[proofplan]
We verify the group axioms for $\operatorname{Aut}(G)$ with operation given by composition of maps. The main points are that the composite of two bijective homomorphisms is again a bijective homomorphism, the identity map on $G$ is an automorphism, and the inverse function of an automorphism is again a homomorphism.

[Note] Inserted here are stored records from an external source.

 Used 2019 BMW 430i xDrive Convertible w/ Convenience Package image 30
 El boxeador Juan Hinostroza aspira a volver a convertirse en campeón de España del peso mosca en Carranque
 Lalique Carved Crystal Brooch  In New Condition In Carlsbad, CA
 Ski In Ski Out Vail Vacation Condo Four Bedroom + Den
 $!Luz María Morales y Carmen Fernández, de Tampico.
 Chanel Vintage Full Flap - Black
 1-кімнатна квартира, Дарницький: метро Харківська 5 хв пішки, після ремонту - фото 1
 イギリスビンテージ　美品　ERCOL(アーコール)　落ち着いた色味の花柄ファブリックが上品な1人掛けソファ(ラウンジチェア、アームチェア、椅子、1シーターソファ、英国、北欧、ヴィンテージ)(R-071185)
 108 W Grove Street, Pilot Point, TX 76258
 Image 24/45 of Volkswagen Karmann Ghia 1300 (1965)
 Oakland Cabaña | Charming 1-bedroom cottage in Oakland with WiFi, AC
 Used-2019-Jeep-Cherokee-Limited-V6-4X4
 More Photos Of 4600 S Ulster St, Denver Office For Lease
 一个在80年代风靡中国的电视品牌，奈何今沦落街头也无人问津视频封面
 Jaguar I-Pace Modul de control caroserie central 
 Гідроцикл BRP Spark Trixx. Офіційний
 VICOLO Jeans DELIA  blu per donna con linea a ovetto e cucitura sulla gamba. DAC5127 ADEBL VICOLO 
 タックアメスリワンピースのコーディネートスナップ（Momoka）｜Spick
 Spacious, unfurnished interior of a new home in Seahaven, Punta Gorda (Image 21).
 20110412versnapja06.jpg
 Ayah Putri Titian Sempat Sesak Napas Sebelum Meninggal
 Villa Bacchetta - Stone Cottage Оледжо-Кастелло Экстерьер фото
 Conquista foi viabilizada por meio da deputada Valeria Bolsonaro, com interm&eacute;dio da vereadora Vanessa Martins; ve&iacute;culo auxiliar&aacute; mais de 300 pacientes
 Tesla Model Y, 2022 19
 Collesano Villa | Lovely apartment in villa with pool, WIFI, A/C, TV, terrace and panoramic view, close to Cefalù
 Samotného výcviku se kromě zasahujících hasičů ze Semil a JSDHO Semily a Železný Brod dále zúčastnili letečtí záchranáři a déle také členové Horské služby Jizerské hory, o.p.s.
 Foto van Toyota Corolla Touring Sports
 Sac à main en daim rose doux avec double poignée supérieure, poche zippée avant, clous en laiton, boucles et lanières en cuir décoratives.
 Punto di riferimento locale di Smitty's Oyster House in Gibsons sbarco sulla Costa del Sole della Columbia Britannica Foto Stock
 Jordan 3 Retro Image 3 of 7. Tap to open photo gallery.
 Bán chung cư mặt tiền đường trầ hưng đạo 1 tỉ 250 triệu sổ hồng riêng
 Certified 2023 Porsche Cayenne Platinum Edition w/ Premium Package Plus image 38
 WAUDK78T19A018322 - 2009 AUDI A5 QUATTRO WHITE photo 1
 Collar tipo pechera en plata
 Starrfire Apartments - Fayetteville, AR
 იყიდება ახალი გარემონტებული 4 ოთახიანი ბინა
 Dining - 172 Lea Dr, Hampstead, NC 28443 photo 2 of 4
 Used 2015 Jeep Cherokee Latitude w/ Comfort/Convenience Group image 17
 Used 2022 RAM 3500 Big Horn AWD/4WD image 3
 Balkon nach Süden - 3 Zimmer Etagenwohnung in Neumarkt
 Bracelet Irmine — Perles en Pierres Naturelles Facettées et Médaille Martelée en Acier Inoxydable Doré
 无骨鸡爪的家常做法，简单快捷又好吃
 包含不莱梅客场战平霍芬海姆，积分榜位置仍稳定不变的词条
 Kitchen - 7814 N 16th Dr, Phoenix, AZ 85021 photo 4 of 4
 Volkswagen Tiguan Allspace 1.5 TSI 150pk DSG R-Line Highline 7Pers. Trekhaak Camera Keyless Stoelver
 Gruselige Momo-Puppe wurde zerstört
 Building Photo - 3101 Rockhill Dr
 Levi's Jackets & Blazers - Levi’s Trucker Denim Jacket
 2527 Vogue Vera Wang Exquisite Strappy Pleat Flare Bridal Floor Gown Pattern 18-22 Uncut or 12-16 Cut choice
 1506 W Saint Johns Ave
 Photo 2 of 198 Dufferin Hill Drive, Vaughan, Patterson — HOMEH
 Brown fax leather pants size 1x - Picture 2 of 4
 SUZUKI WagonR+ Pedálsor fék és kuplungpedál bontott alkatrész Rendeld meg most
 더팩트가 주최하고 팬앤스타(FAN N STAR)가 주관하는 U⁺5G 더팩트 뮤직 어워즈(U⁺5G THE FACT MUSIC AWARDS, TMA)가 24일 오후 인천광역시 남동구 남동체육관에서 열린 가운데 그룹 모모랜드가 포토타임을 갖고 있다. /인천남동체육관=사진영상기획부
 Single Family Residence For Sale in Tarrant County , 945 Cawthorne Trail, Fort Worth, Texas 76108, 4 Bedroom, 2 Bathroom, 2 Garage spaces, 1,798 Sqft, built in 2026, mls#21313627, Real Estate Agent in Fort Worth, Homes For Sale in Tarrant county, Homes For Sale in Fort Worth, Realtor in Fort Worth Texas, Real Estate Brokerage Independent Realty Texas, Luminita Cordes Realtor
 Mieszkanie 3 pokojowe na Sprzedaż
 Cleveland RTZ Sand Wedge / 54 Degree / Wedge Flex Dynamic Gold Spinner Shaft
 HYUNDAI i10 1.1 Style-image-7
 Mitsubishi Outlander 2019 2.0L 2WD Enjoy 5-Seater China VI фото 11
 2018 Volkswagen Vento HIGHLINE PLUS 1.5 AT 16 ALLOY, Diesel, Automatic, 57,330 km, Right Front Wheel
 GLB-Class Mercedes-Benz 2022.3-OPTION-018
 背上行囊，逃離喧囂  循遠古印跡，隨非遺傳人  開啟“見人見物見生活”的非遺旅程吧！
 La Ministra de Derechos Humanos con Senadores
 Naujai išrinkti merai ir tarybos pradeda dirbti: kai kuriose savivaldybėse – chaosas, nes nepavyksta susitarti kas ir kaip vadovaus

Associativity is inherited from associativity of ordinary function composition.
[/proofplan]
[step:Define the composition operation on automorphisms]
Let $\operatorname{Aut}(G)$ be the set of all bijective group homomorphisms $\varphi: G \to G$. Define the binary operation
\begin{align*}
\circ: \operatorname{Aut}(G) \times \operatorname{Aut}(G) &\to \operatorname{Aut}(G) \\
(\varphi,\psi) &\mapsto \varphi \circ \psi
\end{align*}
provided that $\varphi \circ \psi$ is again an automorphism. For elements $g \in G$, the composite map is defined by
\begin{align*}
(\varphi \circ \psi)(g)=\varphi(\psi(g)).
\end{align*}
We now verify that this operation is well-defined and satisfies the group axioms.
[/step]
[step:Show that the composite of two automorphisms is an automorphism]
Let
\begin{align*}
\varphi: G &\to G,\\
\psi: G &\to G
\end{align*}
be elements of $\operatorname{Aut}(G)$. Since $\varphi$ and $\psi$ are bijections, their composite $\varphi \circ \psi: G \to G$ is a bijection by the standard property of [bijective functions](/page/Bijection). It remains to verify the homomorphism property.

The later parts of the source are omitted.